By: Nitin S.
School: Troy High
Science Teacher: James Kirkpatrick
Abstract: Breast cancer (BC) subtypes are categorized by their molecular subtype as ER+, PR+, or HER2+. Cancers that lack expression of these receptors are the highly heterogeneous and deadly triple-negative (TN). Thus, there is an urgency to identify targeted therapies for TN patients. In this study, Nitin used bioinformatic tools to analyze data to study variation in subtypes of BC and to test the clinical relevance.
Normalized gene expression and corresponding clinical data of BC patients were downloaded using the TCGA Biolinks R package. Dimensionality reduction methods (PCA analysis and uniform manifold approximation and projection (UMAP)), k-means clustering, and Kaplan-Meier survival plots were used to analyze data. The results revealed one unique UMAP cluster, which comprised of mostly TN samples (labeled as TN-UMAP). Differential gene analysis of the TN-UMAP cluster revealed a bimodal distribution of 10 genes within the TN-UMAP. Survival analysis of the full dataset within the TN-UMAP revealed high expression of MHY7, XPB1, and IGFBP5 confers an overall better survival.

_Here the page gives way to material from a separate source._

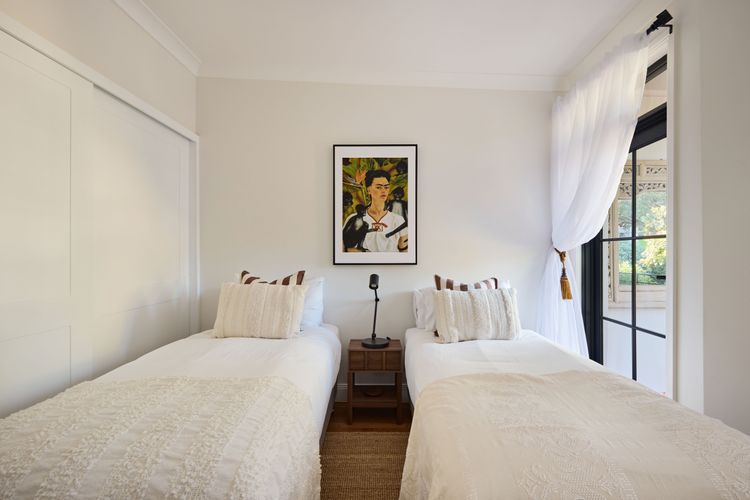Casa Bonita, Bondi ISYD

This study shows that visualizing global gene expression through UMAP may be a valuable method for classifying TN phenotypes. Future studies of gene expression variation between these groups may help to explore TN heterogeneity to design precision therapies. It is inferred that differentially expressed genes may actually regulate the initiation and progression of TN. These observations may provide insights into the pathogenesis of breast cancer at the subtype level and identify alternative biomarkers and potential therapeutic targets for TN patients.